Los refugiados de Venezuela son un activo, no un problema

Hambre, colapso económico, represión y Covid-19: los venezolanos han visto casi todo durante el último año. Para millones de ellos, un puerto seguro en otro país latinoamericano era la única salida. Los tiroteos entre las fuerzas de seguridad y la guerrilla que obligaron al menos a 3.100 residentes en el estado occidental de Apure a huir por la frontera con Colombia a fines de marzo fueron solo el ejemplo más reciente. Sin embargo, incluso estas fugas desesperadas parecen más tensas a medida que se acumula una reacción continental contra la diáspora más castigada del hemisferio occidental.

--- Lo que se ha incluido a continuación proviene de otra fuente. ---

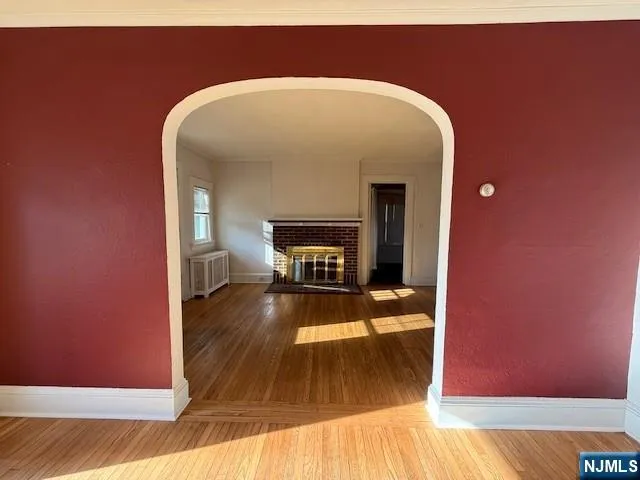 a view of a living room with wooden floor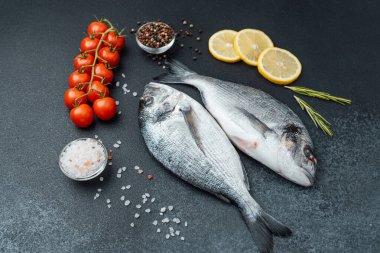 Domatesli taze çiğ dorado balığı limon ve siyah arka planda baharatlar.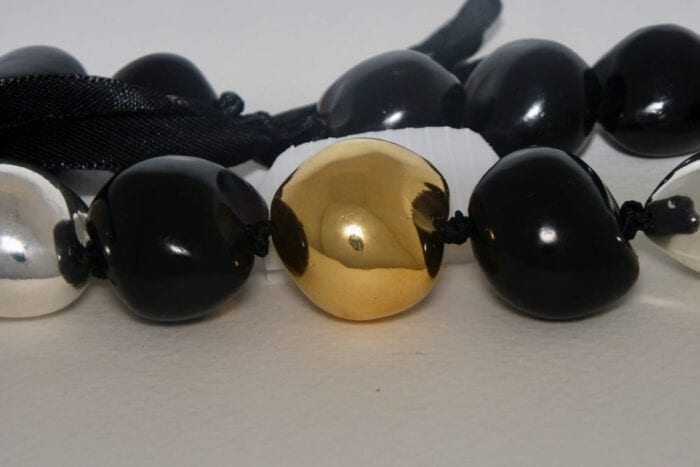 35 inches long Polished Black Kui Nut Lei with 24K Gold Center Kukui surrounded with Ten 99% Pure Fine Silver Kukui Nuts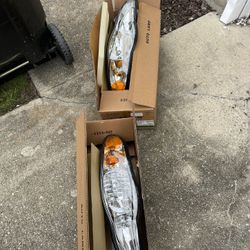 03 Monte Carlo Headlights. Brand New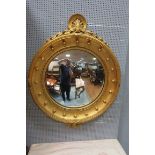 A GEORGIAN STYLE GILT FRAMED CONVEX MIRROR the moulded frame headed by a leaf cartouche with readed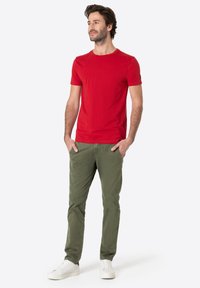 Rotes Baumwoll-T-Shirt mit Rundhalsausschnitt, kombiniert mit olivgrünen Chinos und weißen Sneakers. Das T-Shirt hat kurze Ärmel und eine figurbetonte Passform.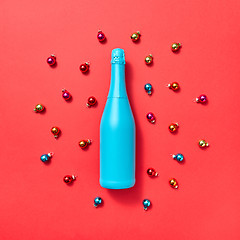 Image showing Blue painted mock up bottle on a background covered Christmas balls.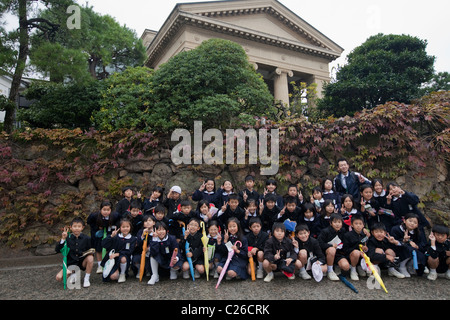 Group of school children and their teacher posing in front of Ohara Museum of Art, Bikan historical district, Kurashiki, Japan. Stock Photo
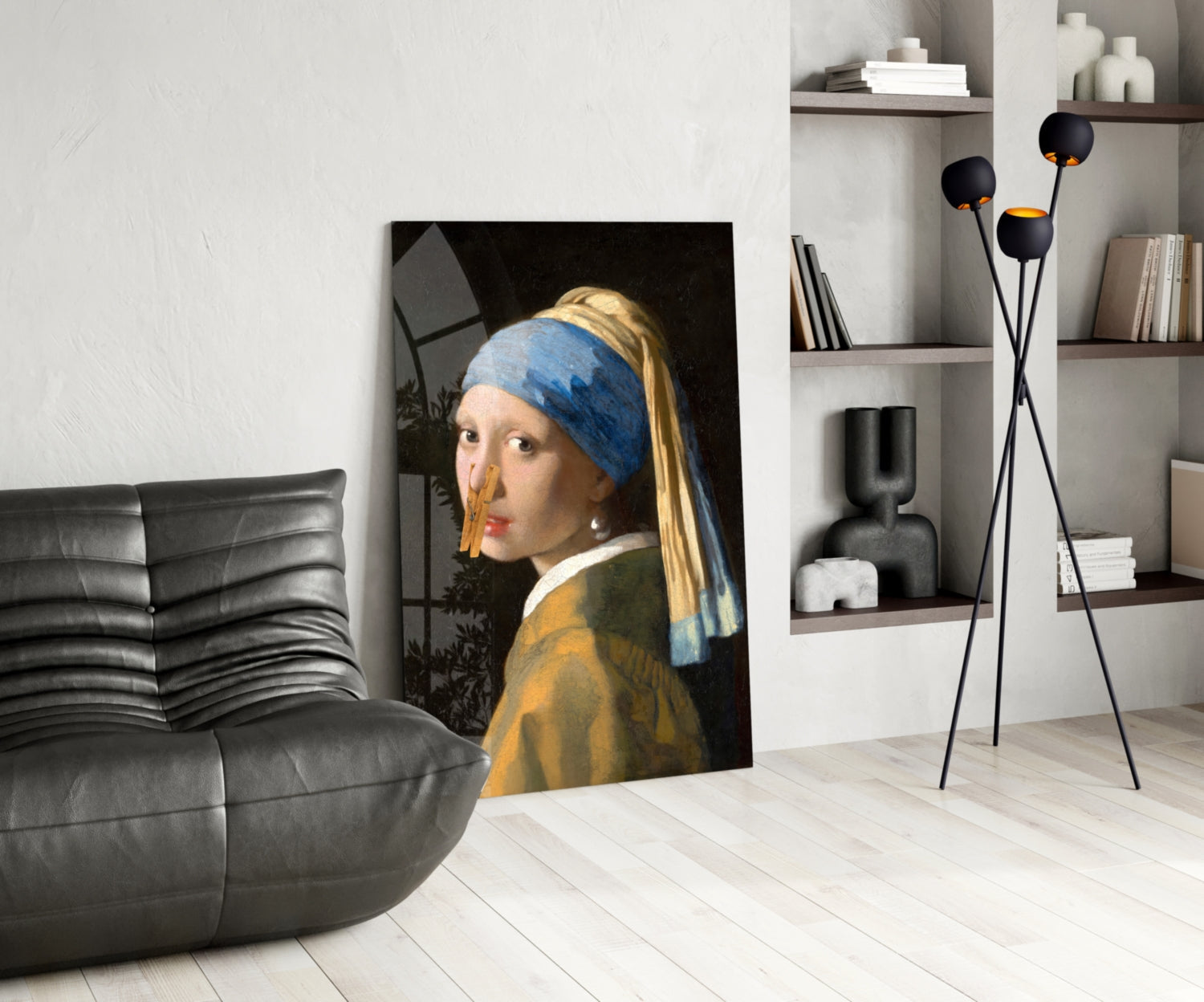 Girl with pearl earring and blue headwrap glass art leaning against wall in modern living room with black sofa and shelving.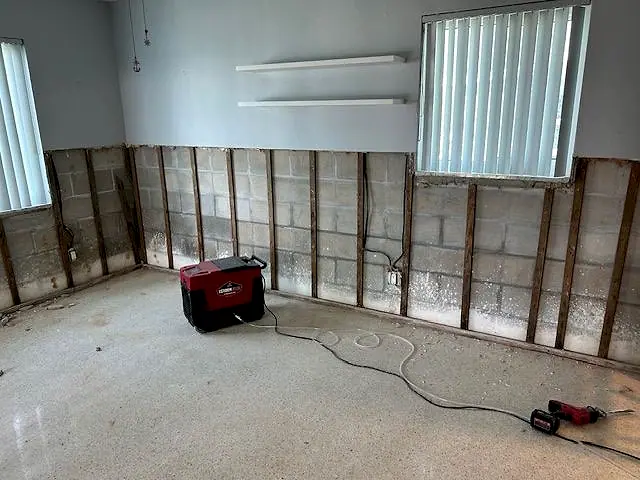 Wet wall opened to the block with a dehumidifier running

Se estima que 5,4 millones de venezolanos han abandonado su fallida patria, el 85% de ellos aterrizando en otro país de América Latina o el Caribe. Representan la mayor calamidad humanitaria del mundo después de la de Siria devastada por la guerra, pero con una fracción de asistencia y atención. La crisis de refugiados de Venezuela ha generado 1,3 mil millones de dólares en promesas de ayuda, incluso cuando la crisis de refugiados sirios ha recaudado 19,9 mil millones de dólares, según el economista Dany Bahar, investigador principal de Brookings Institution. La pandemia ha dividido una emergencia tras otra, ya que las autoridades regionales que luchan contra el contagio y las economías colapsadas sellan las fronteras y rechazan a los que ingresan ilegalmente. Se estima que 122.000 emigrantes venezolanos han retornado a casa desde Colombia solo desde el brote del nuevo coronavirus; aquellos que se mantienen firmes en el extranjero se enfrentan a una hostilidad cada vez mayor y a ser chivos expiatorios, a veces de autoridades presuntamente comprensivas.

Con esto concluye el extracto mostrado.